Ph.D. Final Oral Exam: Tianxiang Gao
Speaker:Tianxiang Gao
Mastering Infinite Depths: Optimization and Generalization in Deeper Neural Networks
In recent years, overparameterized neural networks have seen widespread adoption in practical applications, demonstrating notable numerical and practical success. This success has sparked theoretical investigations aimed at understanding the underlying mysteries. Despite having a significantly larger number of parameters than training samples, overparameterized neural networks can achieve zero training loss and maintain good performance on unseen data, a phenomenon known as benign overfitting. While previous theoretical studies have produced interesting findings supporting these practical observations, they have primarily focused on shallow neural networks, particularly two-layer networks. However, in practice, deep neural networks with large depths are favored due to their greater expressive capacity and task performance.

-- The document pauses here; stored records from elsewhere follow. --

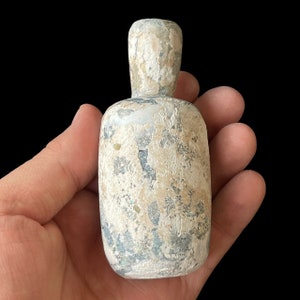 Spectaculaire ancienne bouteille antique unique en verre romain irisé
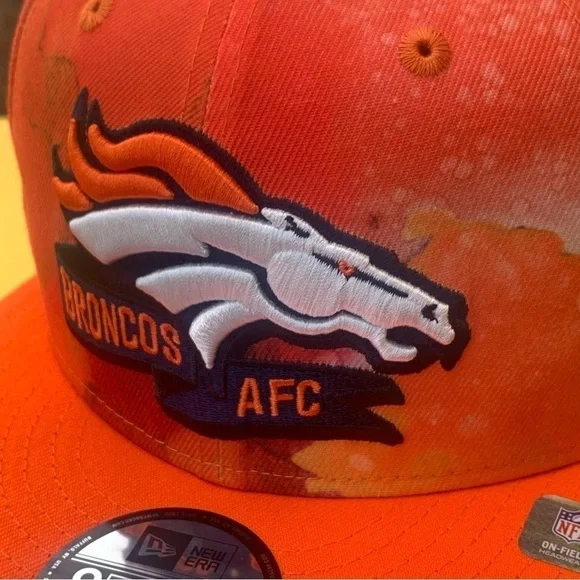 Denver Broncos New Era 2022 Sideline 9FIFTY Ink Dye Snapback Hat - Orange - Picture 3 of 8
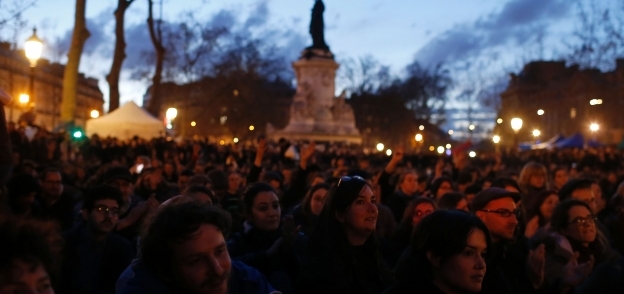 بالصور| تظاهرة ضد "قانون العمل" في باريس.. وتوقيف 22 شخصا بعد "أعمال عنف"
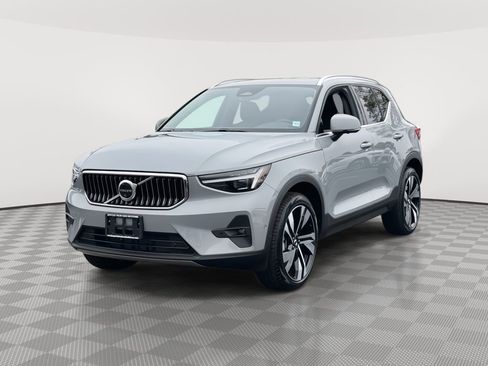 Used 2025 Volvo XC40 B5 Ultra w/ Protection Package Premier image 2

To address this gap, we initiate a study on large-depth neural networks by investigating infinite-depth neural networks, specifically, deep equilibrium models (DEQs) and neural ordinary differential equations (neural ODEs). Our analysis reveals that for infinite-depth or large-depth neural networks, the dynamical stability is crucial not only for training but also for generalization. Consequently, to achieve faster training convergence and better generalization performance, a carefully selected scaling strategy and the use of different skip connections are essential to stabilize the information propagation in large-depth neural networks during both forward function evaluation and backward gradient computation.

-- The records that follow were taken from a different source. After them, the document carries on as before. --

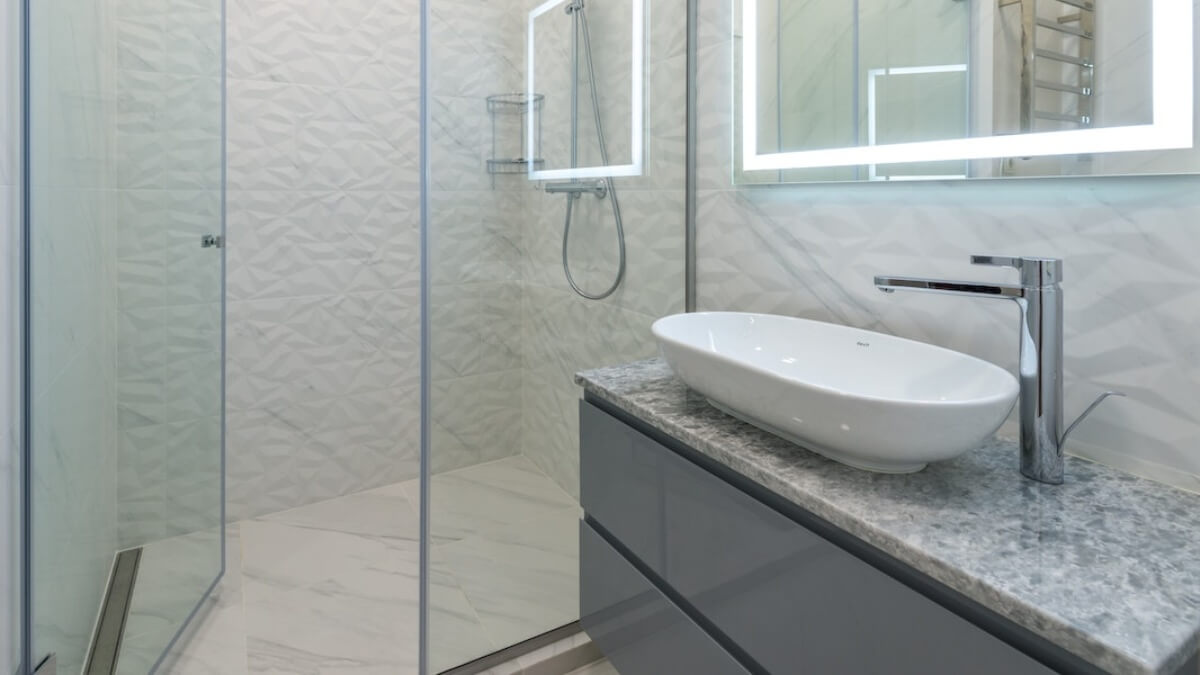 Malo kupatilo sa ugradnom tu&scaron; kabinom i bež pločicama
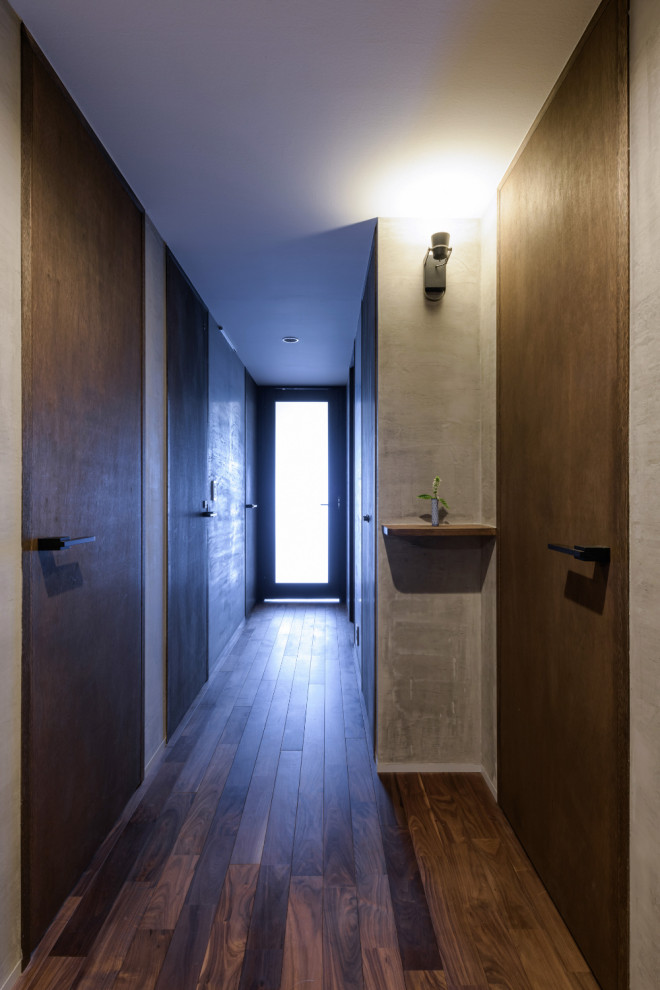 Diseño de recibidores y pasillos asiáticos con paredes grises y suelo de madera oscura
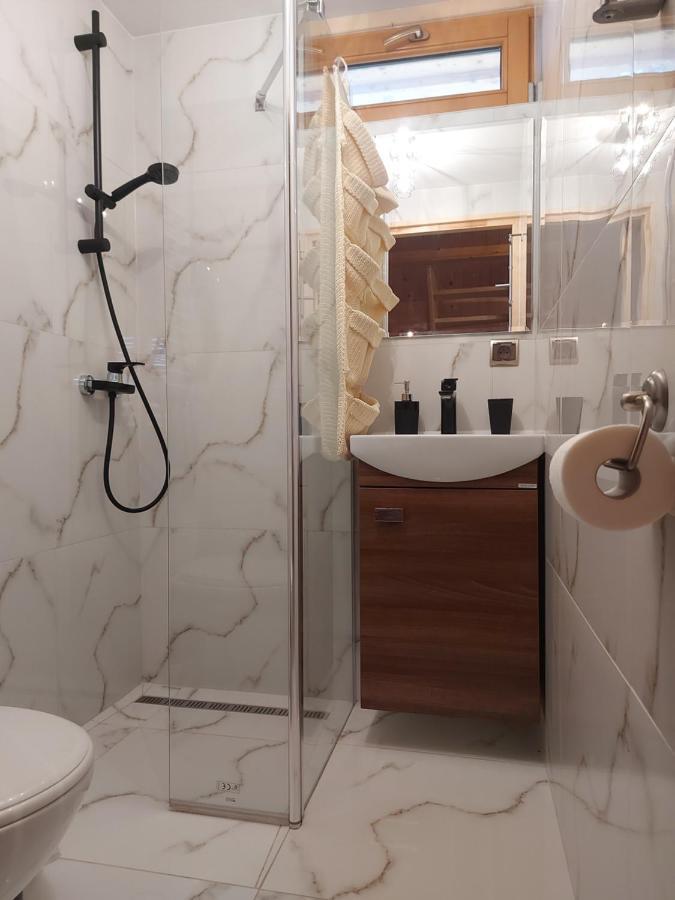 Domki Nad Jeziorem Czorsztynskim Debno  Extérieur photo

We propose a simple yet effective scaling strategy and utilize different skip connections to ensure the stability of information propagation in infinite-depth neural networks. As a result, we demonstrate that gradient descent can train infinite-depth neural networks, including DEQs and Neural ODEs, to achieve zero training error and arbitrary small generalization error, provided that the neural network is overparameterized and the training sample is sufficient. Furthermore, we conduct numerical experiments to validate and support our theoretical findings. Additionally, we believe that the techniques introduced in this dissertation are not only applicable to DEQs and Neural ODEs but also extendable to other neural network architectures with large depths, such as residual neural networks, large-depth recurrent neural networks, and graph neural networks.